Why is it lille for the boy pojken, and lilla for the girl flickan please? They are both 'en words' aren't they? (and singular)
Also, why is it "Den lille pojken" and "Det lilla flickan"? Does the 'den' or 'det' matter? Tack.
Both are en-words, so it is
en liten flicka - den lilla flickan
en liten pojke - den lilla pojken or den lille pojken
"Lille" is a special male form which is optional. It's used a lot in some parts of Sweden and very little in others.
Tack så mycket Helen! Also... I thought that one question had read "Det lilla flickan"? Maybe I mis-read...
Does it mean that you can also say "det lille barnet" if the child is a boy? (Referring to an earlier excercise)
No, we accept both equally. Was it a "type what you hear" exercise? Because those need to be entered exactly as spoken.
I put "den lilla pojken" and it was rejected, but having read the comments here, it seems that it should be correct?
As a translation exercise from English to Swedish, sure, and it is. As a type-what-you-hear type exercise, well, she does say lille, not lilla.
It's part of the process of turning a noun from the indefinite form into definite form. As mentioned in previous posts on this thread, Swedish has a property in which the noun in question is made definite "twice" in some sense. Whereas in English we would say "the little boy", in Swedish it's "den lille (or lilla) pojken", which, when translated directly, would be "the little the boy". This isn't necessarily something intuitive, so it's probably best to just accept this as the way that Swedish deals with definites.
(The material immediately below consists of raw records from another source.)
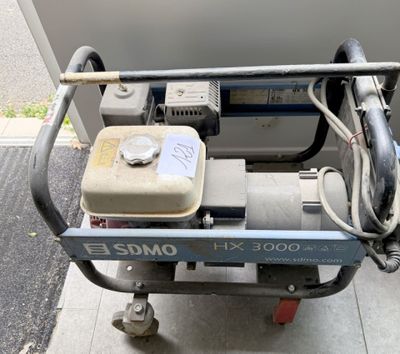 une machine qui est garée sur le trottoir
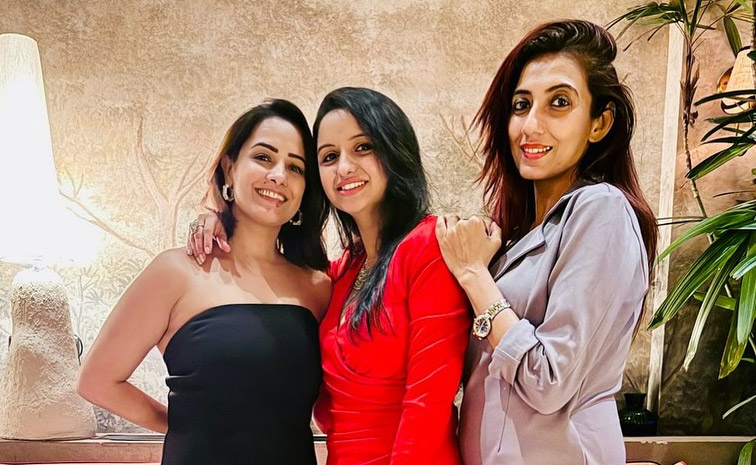 Anita Hassanandani 44th Birthday Celebrations Photos10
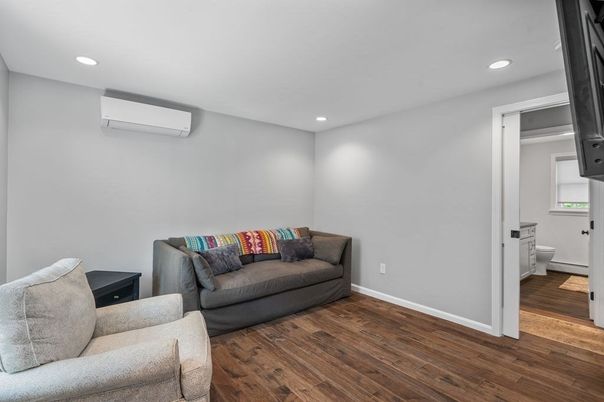 Bathroom, Interior, Recessed Lighting, Wood Texture Flooring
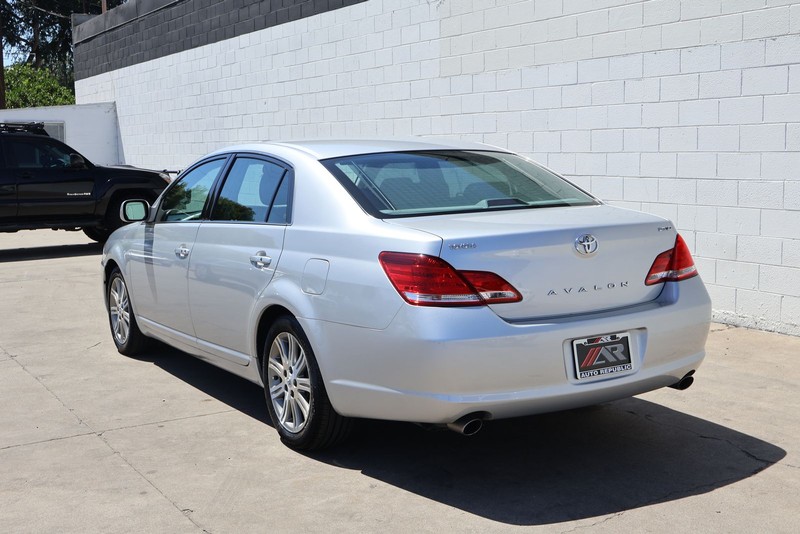 Toyota Avalon Vehicle Full-screen Gallery Image 09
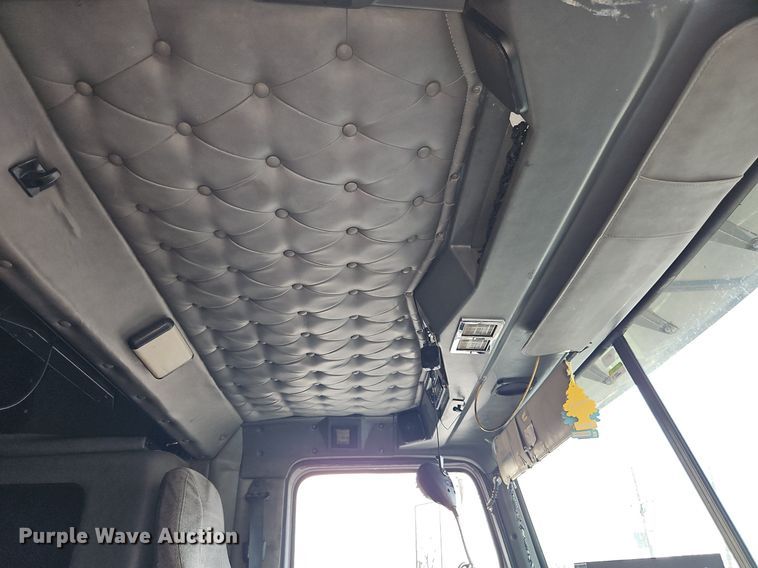 image for item EI3609 2000 Western Star 4900E semi truck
By the way, the adjective that describes the noun must also be agreed, where the plural form of the adjective must be used.
For example, if you wanted to describe a house as large, you would say "ett stort hus" (stort being the adjective "stor" agreed in the ett- form). To make that sentence a definite, you'd then have to say "det stora huset", where "stort" has become the definite form "stora"
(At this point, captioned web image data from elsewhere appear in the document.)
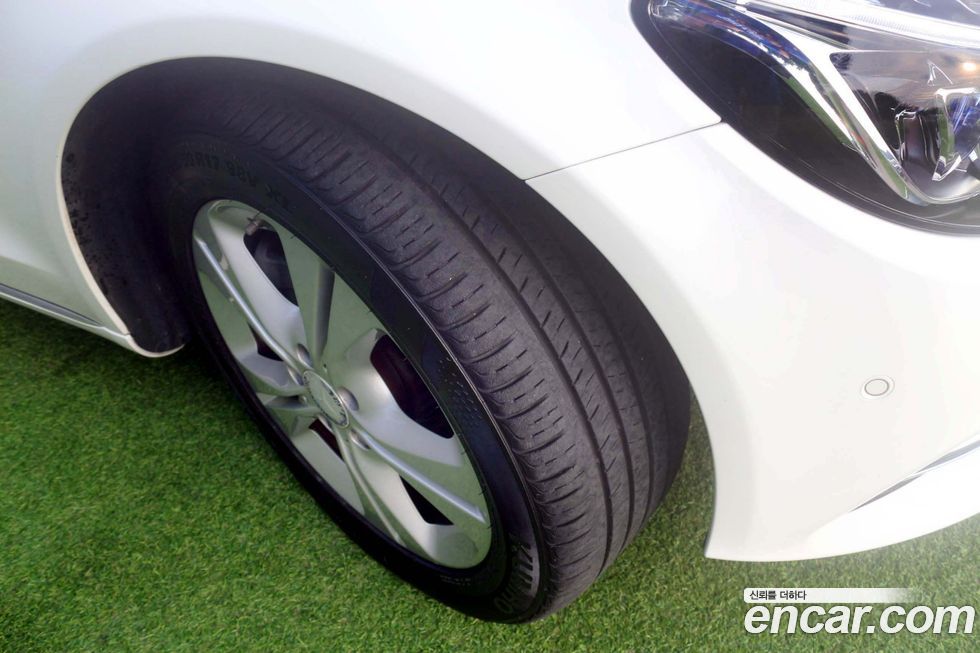 Mercedes-Benz C-Class 2015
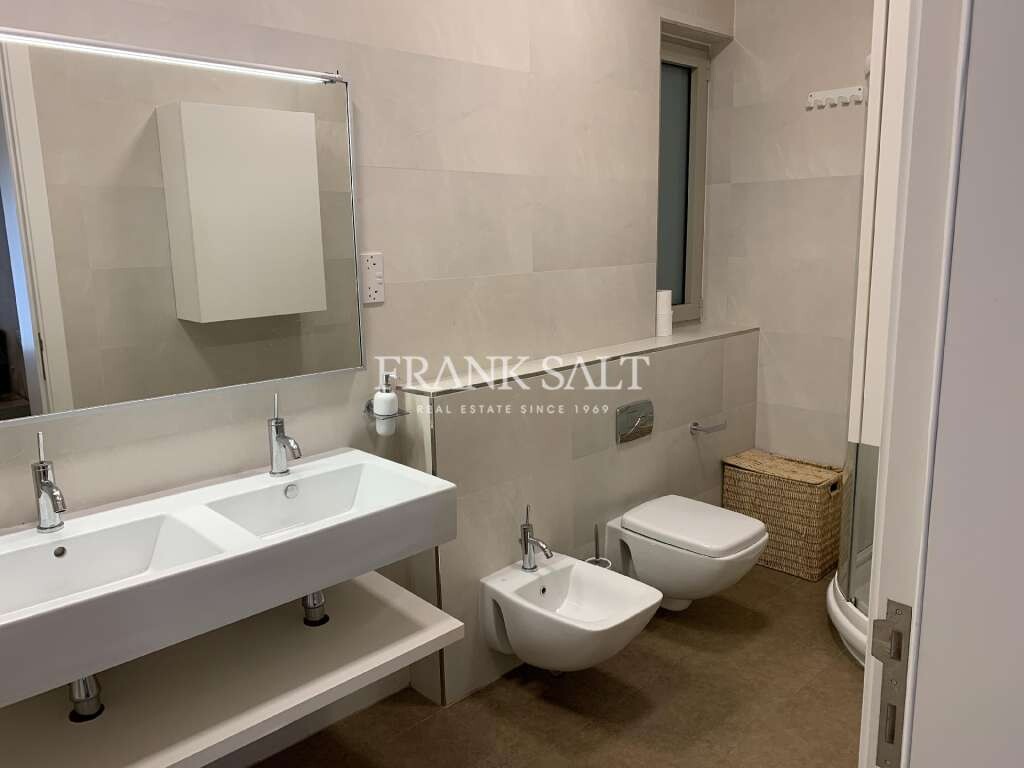 Tigne Point, 3 Bedrooms Bedrooms, ,1 BathroomBathrooms,For Sale,FRSA-040233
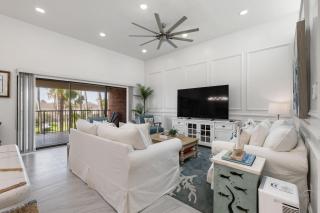 Cielo del Sol Luxury Condo - 6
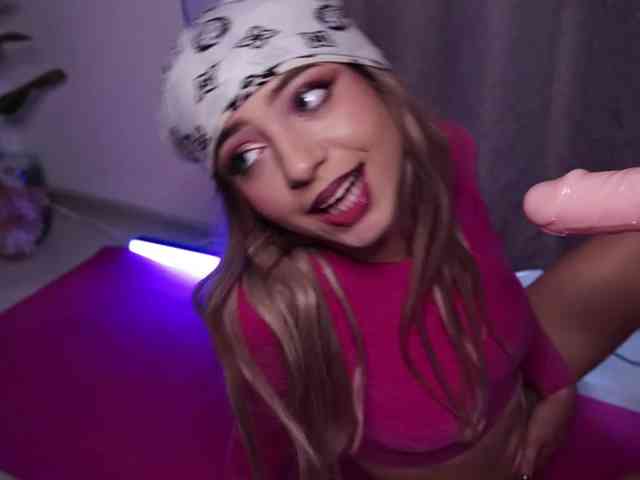 dahliacruzzz21 webcam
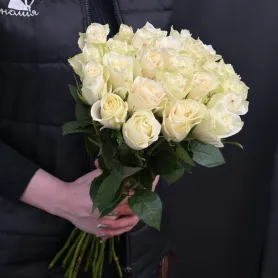 25 белых роз Кения в букете
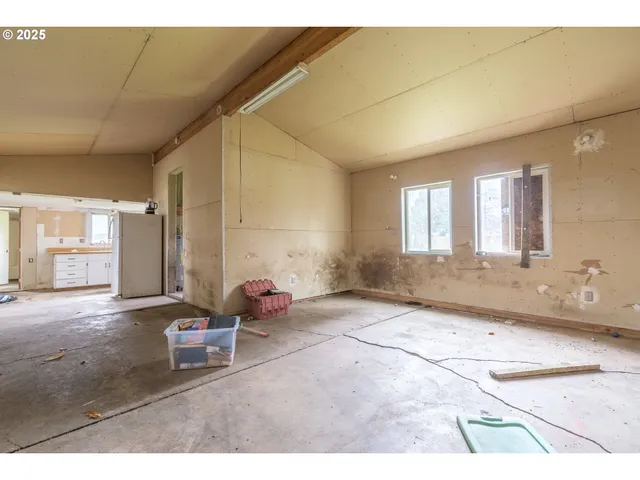 $299,000 | 478 East 32nd Avenue, Eugene, OR 97405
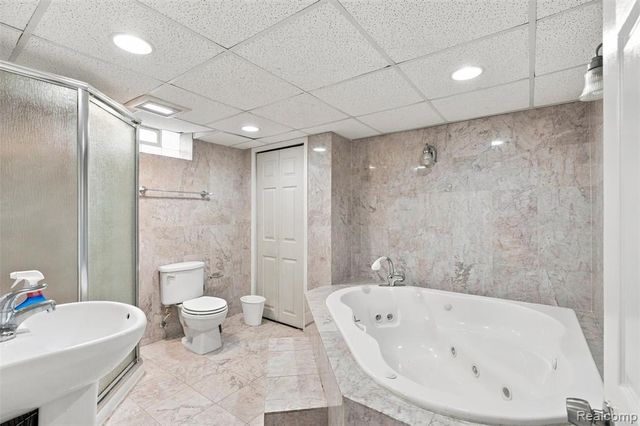8781 Albany Street, Oak Park, MI 48237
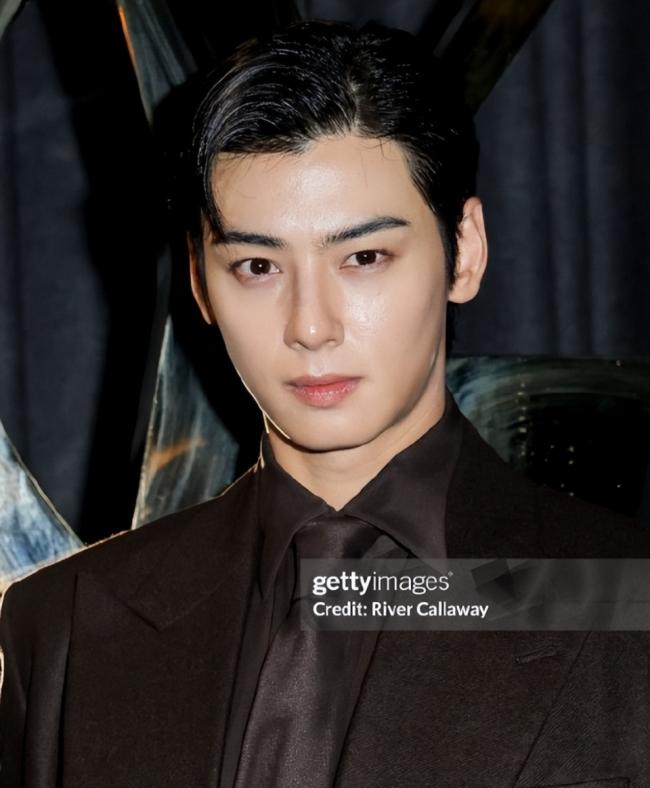 巴黎时装周:外媒没有滤镜,遍地普男普女? 巴黎时装周:外媒没有滤镜,遍地普男普女?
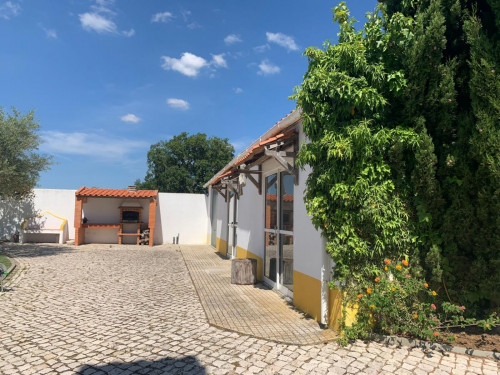 Amazing 3 Bedroom House with a swimming pool close to Setúbal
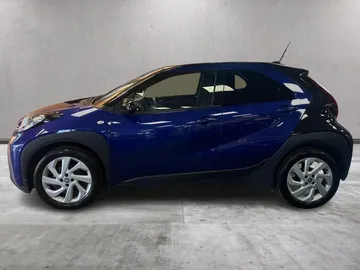 Car image 4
Hope this has cleared it up a little buddy.
I wonder how would sound "Den lilla lila skjortan" (the little purple shirt). What would the pronunciation difference for "lila" and "lilla"? Thanks in advance
As a general rule, a double consonant after a vowel makes the vowel have a short sound. In this case, the double l after the "i" in "lilla" means the "i" becomes short. In "lila" it's a single l after the "i" and thus the "i" takes a long vowel sound.
There's a very good video on YouTube by AcademiaCervena regarding long and short vowel sounds. It's a complicated video, but I've seen it about three times and I still benefit from it every time I see it.
Hope this has helped mate, have a good one.
No worries, just be aware that this may not be a hard and fast rule so there could be exceptions, otherwise it'll apply in most cases.
Have found another nice example about almost similar words pronunciation difference: "En vägg på en väg". I can hear the difference clearer here. Huh seems like a lot of work here to speak it correct
Don't worry mate... after a while, you'll get used to whether you need a short or long vowel sound just by exposure to a lot of words.